• _Prompt_:
Below, some lines carry pictures; leave those pictures out and retype exactly the lines from the one with "Brother Hood night" through the one with "39 Pin ECU Box".

• _Given records_:

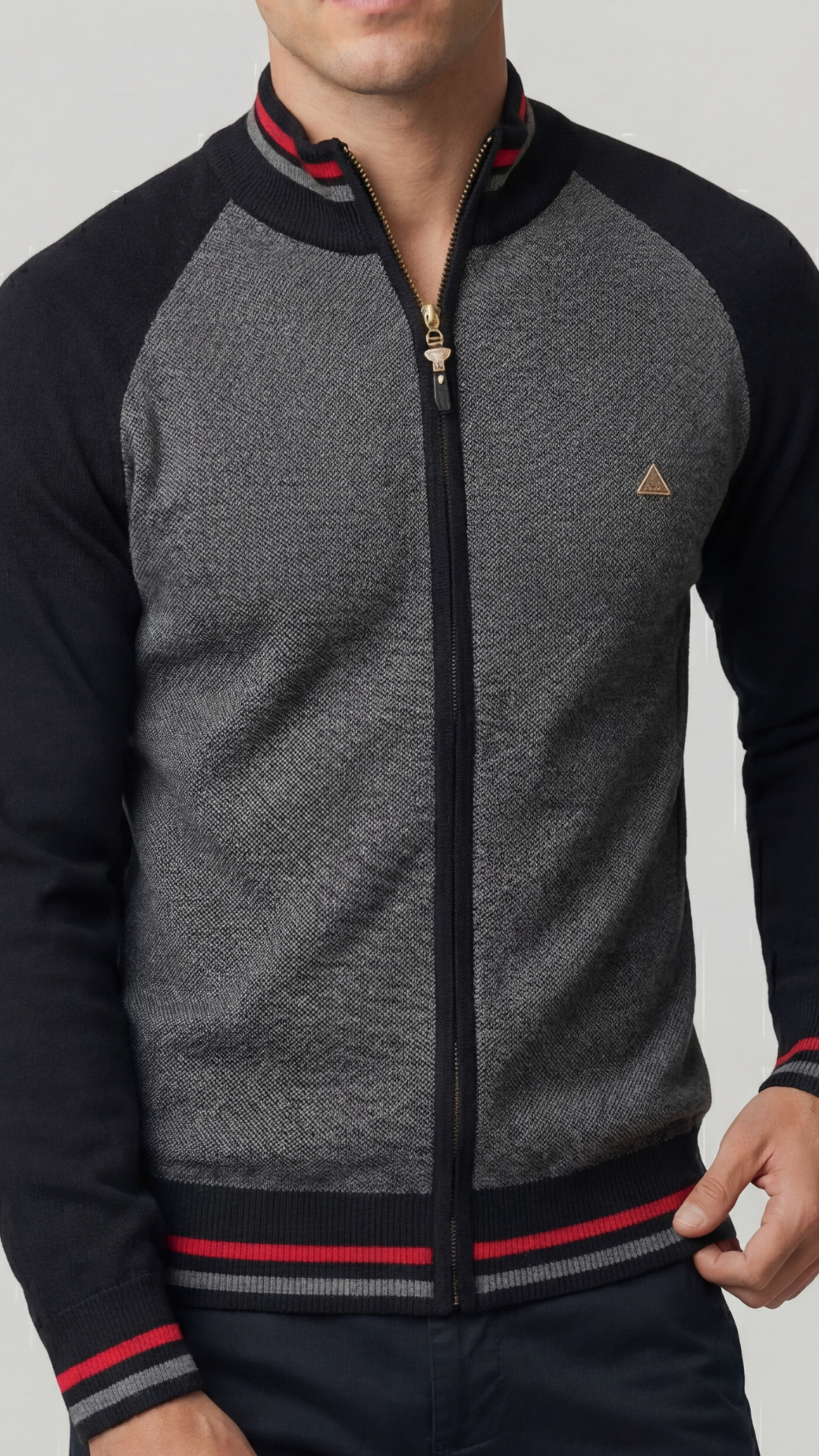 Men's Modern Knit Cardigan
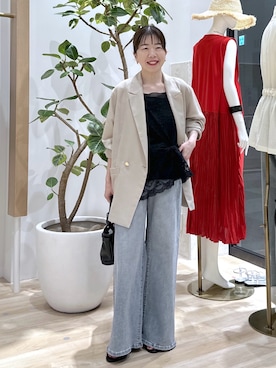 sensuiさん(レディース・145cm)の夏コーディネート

* * *

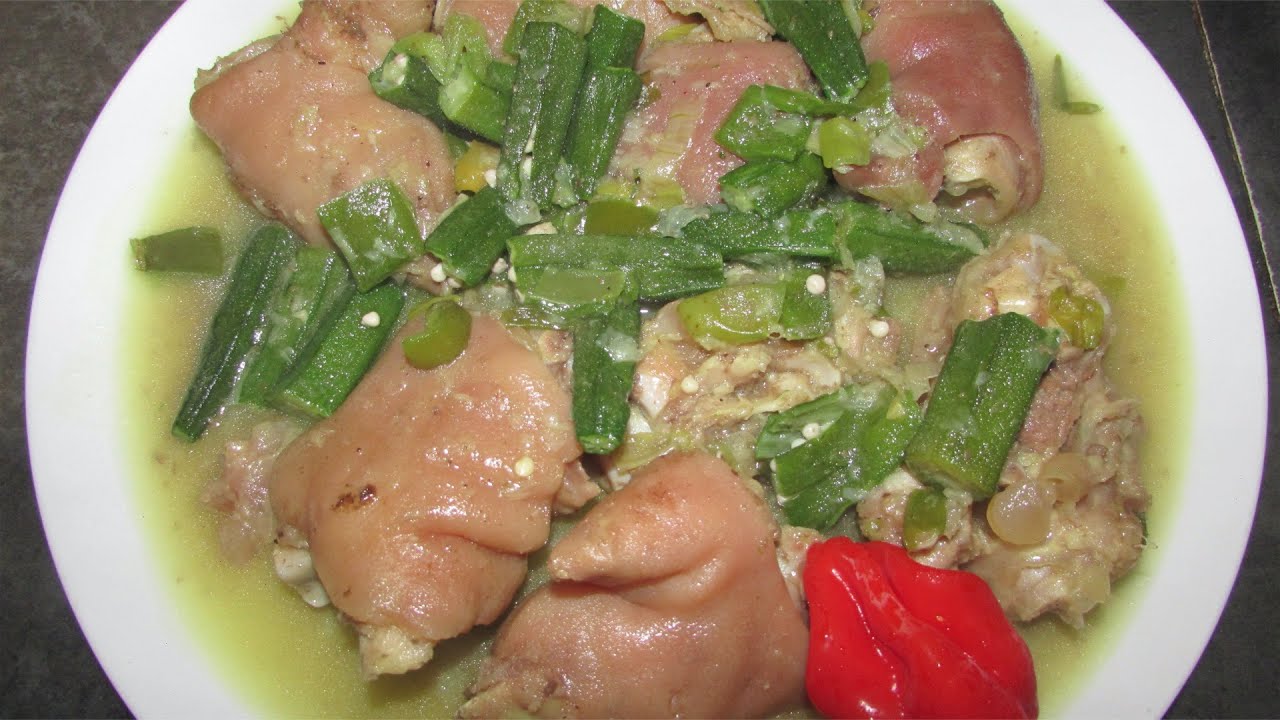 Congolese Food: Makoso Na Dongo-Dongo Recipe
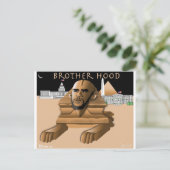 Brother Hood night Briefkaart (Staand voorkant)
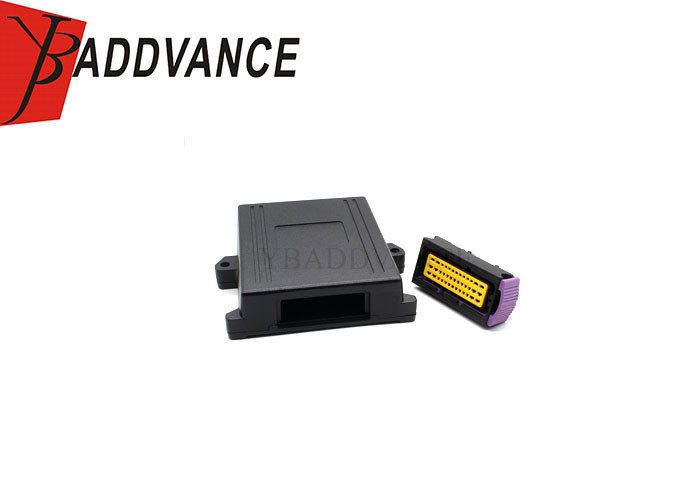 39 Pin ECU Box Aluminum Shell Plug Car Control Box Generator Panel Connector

• _Solution to this task_:
 Brother Hood night Briefkaart (Staand voorkant)
 39 Pin ECU Box Aluminum Shell Plug Car Control Box Generator Panel Connector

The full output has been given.